[Requirement]:
Exact copy, no pictures: set down the lines from the one holding "A balcony with" through the final line of the records below.

[Information given]:
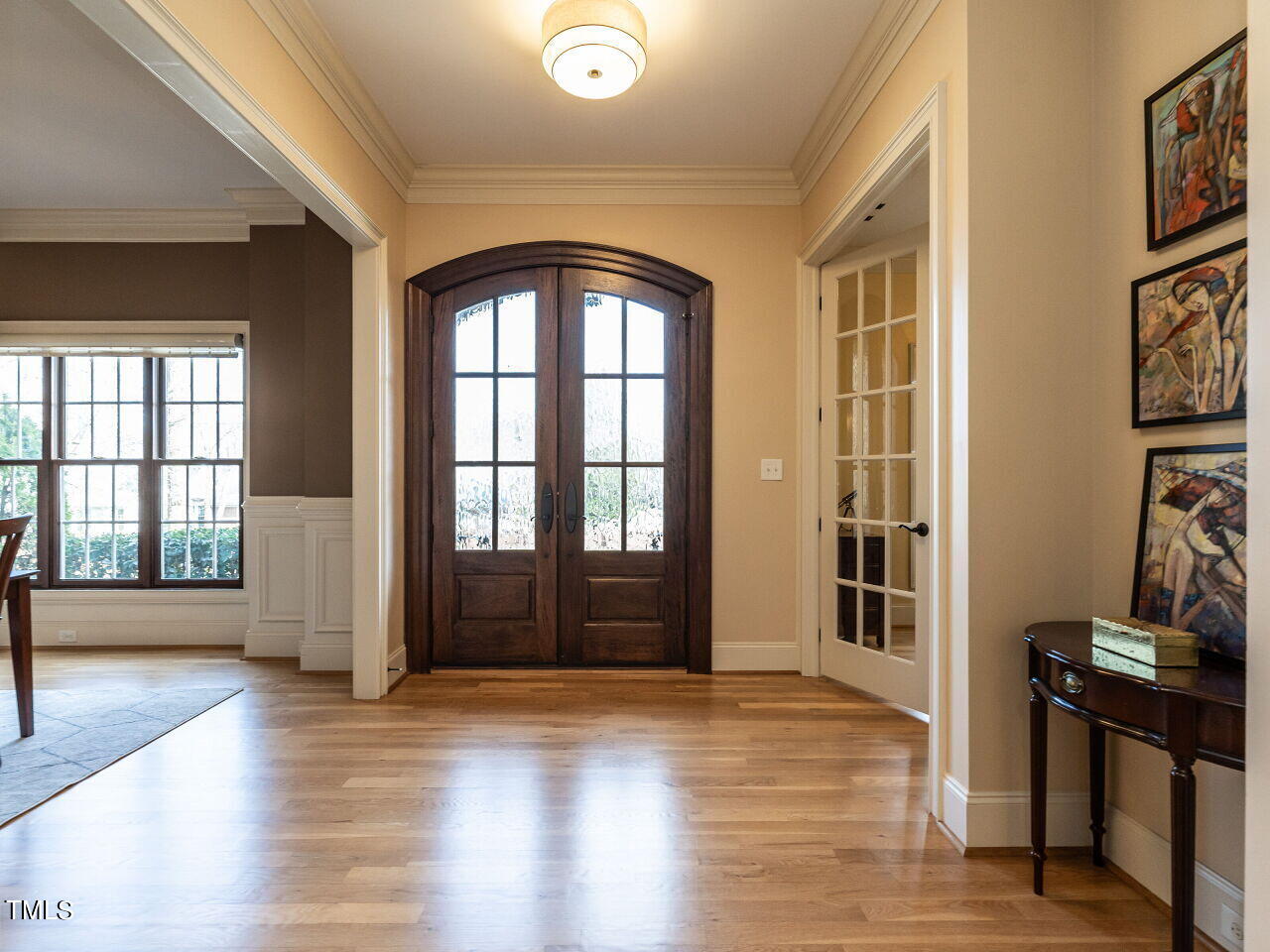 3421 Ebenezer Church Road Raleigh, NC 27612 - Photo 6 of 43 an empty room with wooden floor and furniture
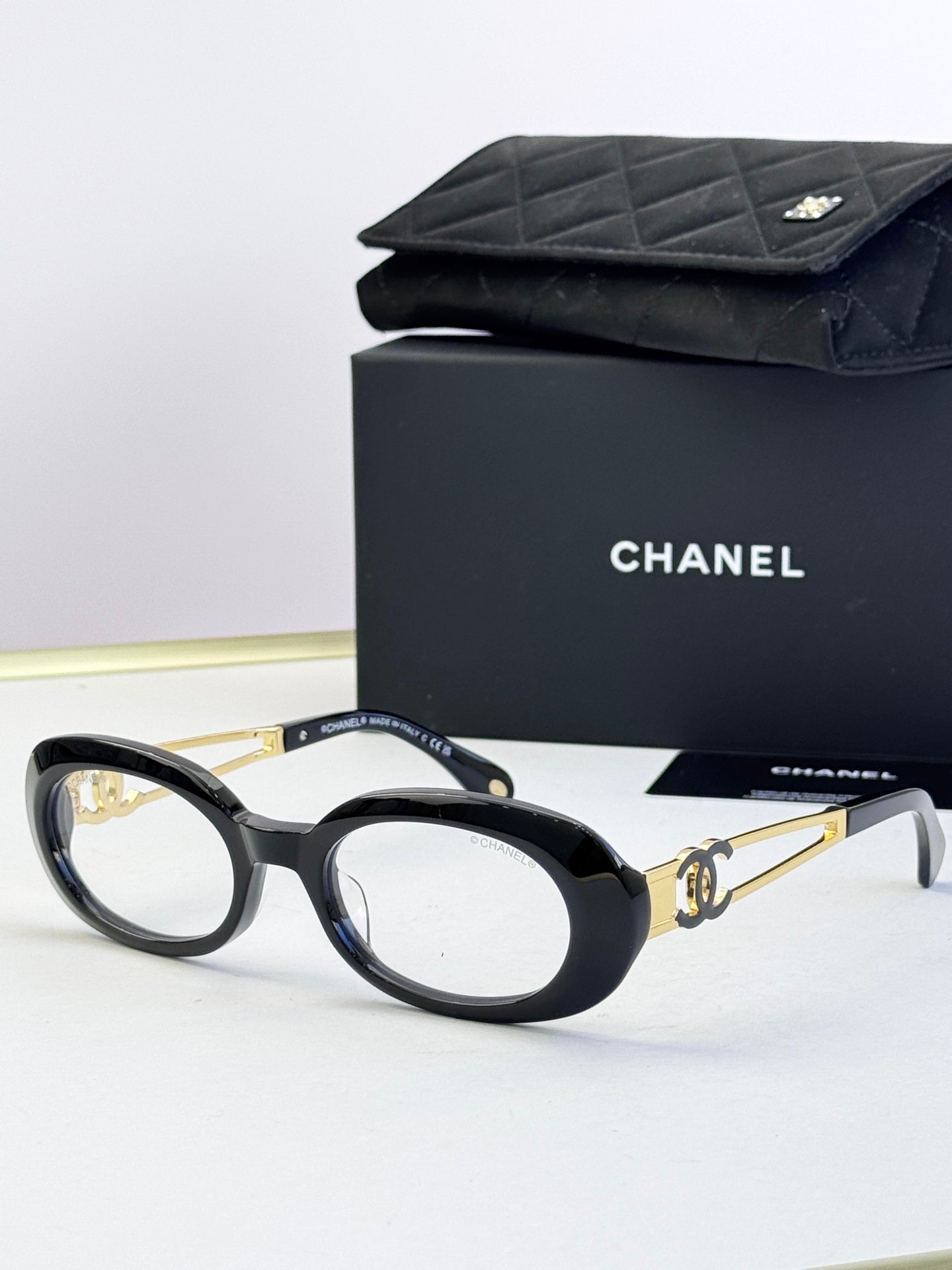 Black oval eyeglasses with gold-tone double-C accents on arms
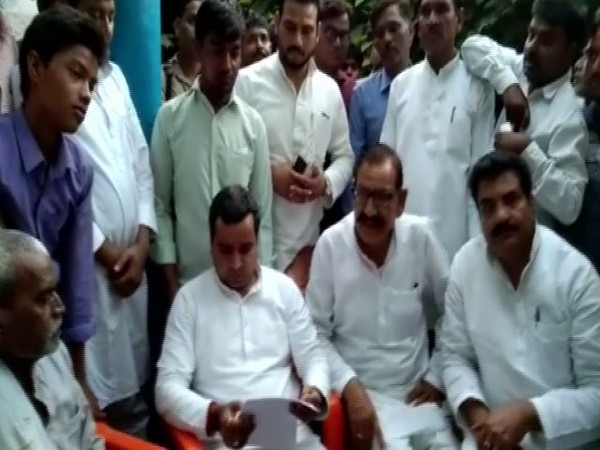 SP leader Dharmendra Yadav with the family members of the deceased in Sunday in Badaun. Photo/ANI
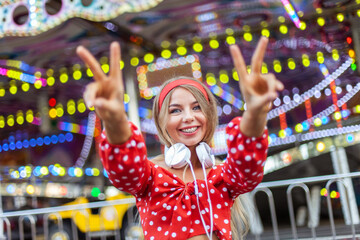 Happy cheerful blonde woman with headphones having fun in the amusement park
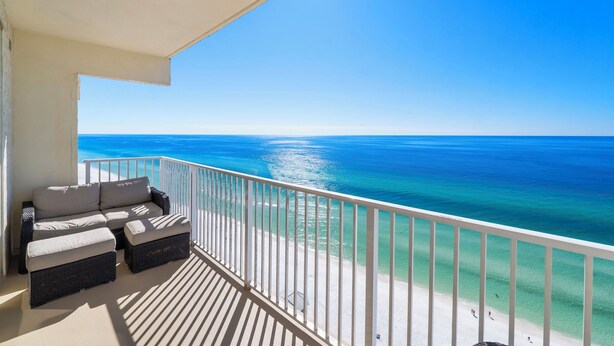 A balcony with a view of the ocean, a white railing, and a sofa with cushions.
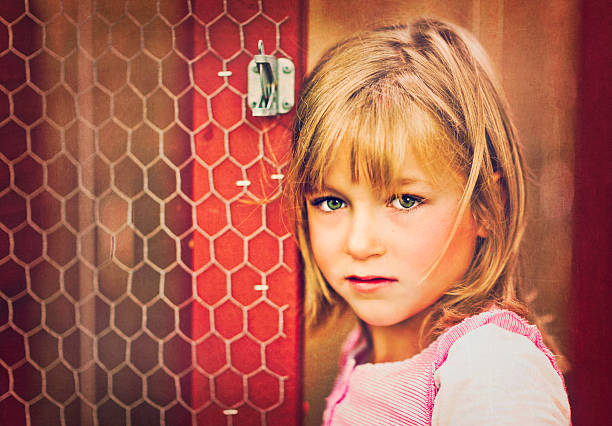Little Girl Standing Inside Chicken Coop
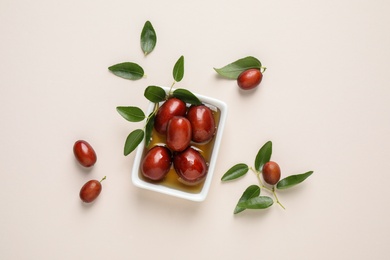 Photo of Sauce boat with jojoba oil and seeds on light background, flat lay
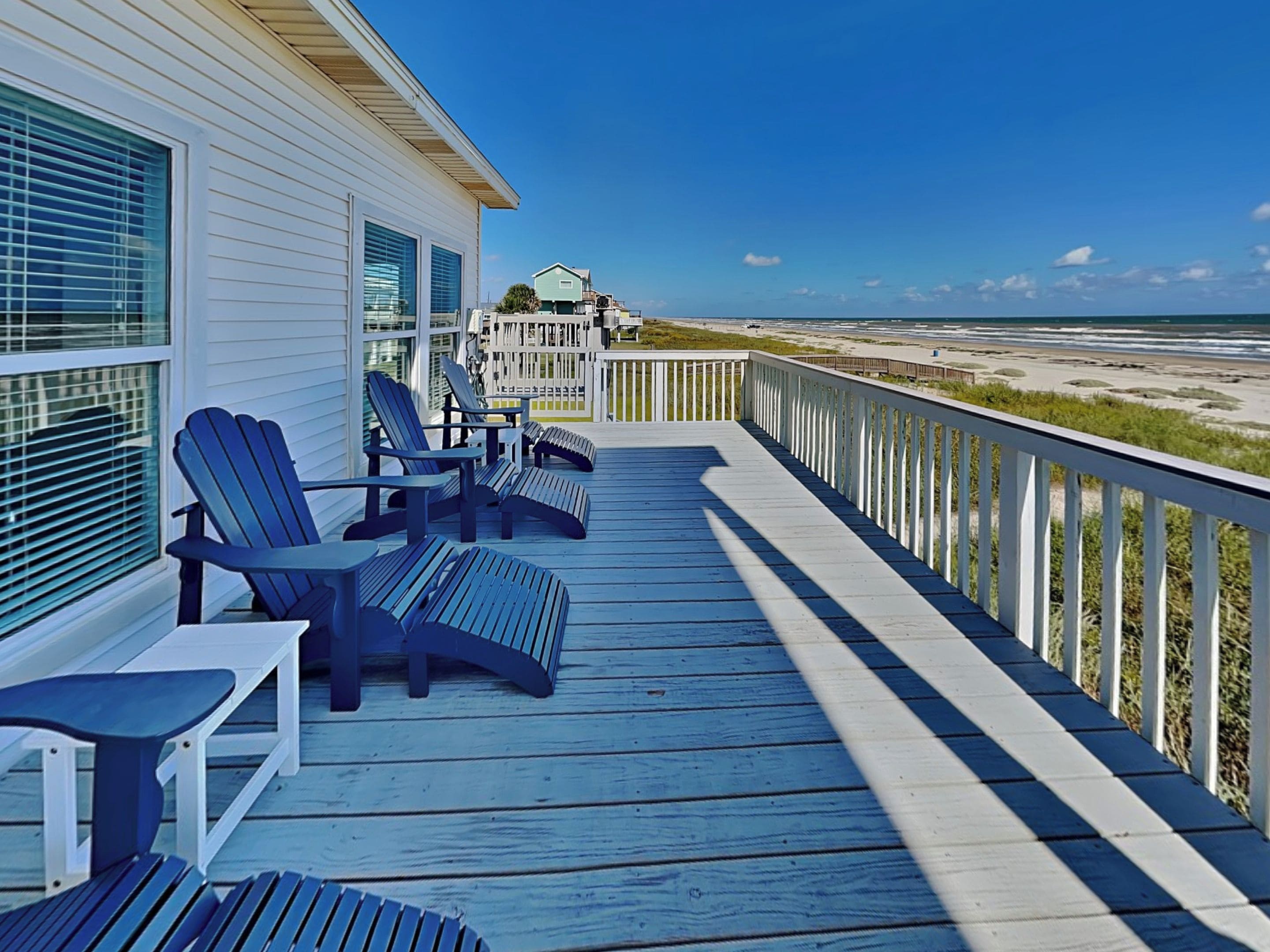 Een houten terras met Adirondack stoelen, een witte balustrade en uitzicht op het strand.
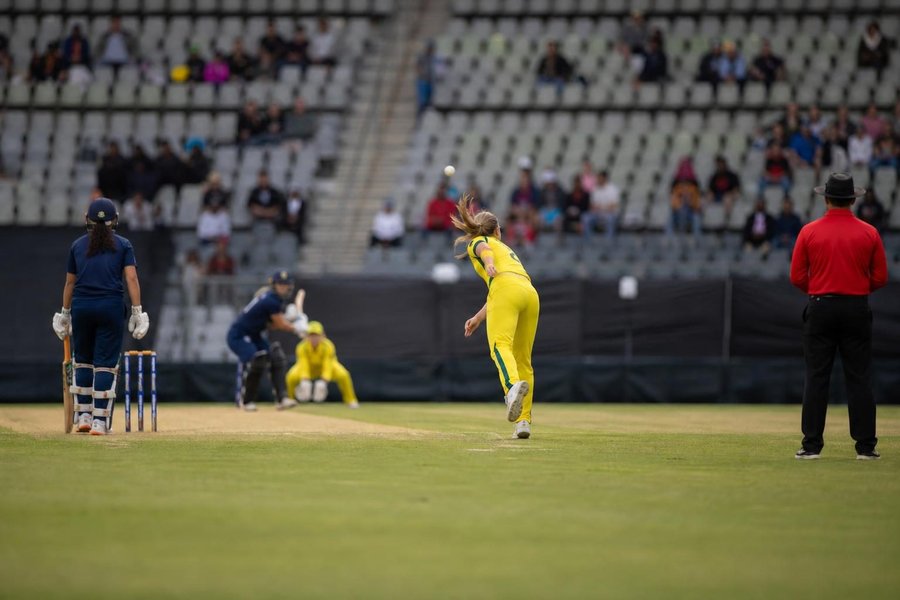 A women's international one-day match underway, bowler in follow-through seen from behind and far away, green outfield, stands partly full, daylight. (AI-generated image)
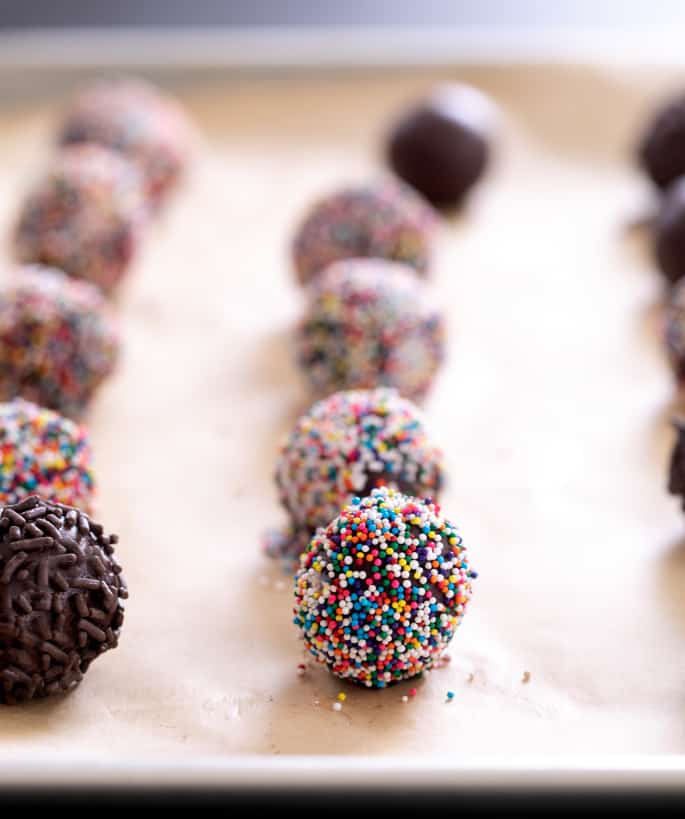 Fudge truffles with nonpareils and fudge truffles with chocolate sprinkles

[Response]:
 A balcony with a view of the ocean, a white railing, and a sofa with cushions.
Little Girl Standing Inside Chicken Coop
 Photo of Sauce boat with jojoba oil and seeds on light background, flat lay
 Een houten terras met Adirondack stoelen, een witte balustrade en uitzicht op het strand.
 A women's international one-day match underway, bowler in follow-through seen from behind and far away, green outfield, stands partly full, daylight. (AI-generated image)
 Fudge truffles with nonpareils and fudge truffles with chocolate sprinkles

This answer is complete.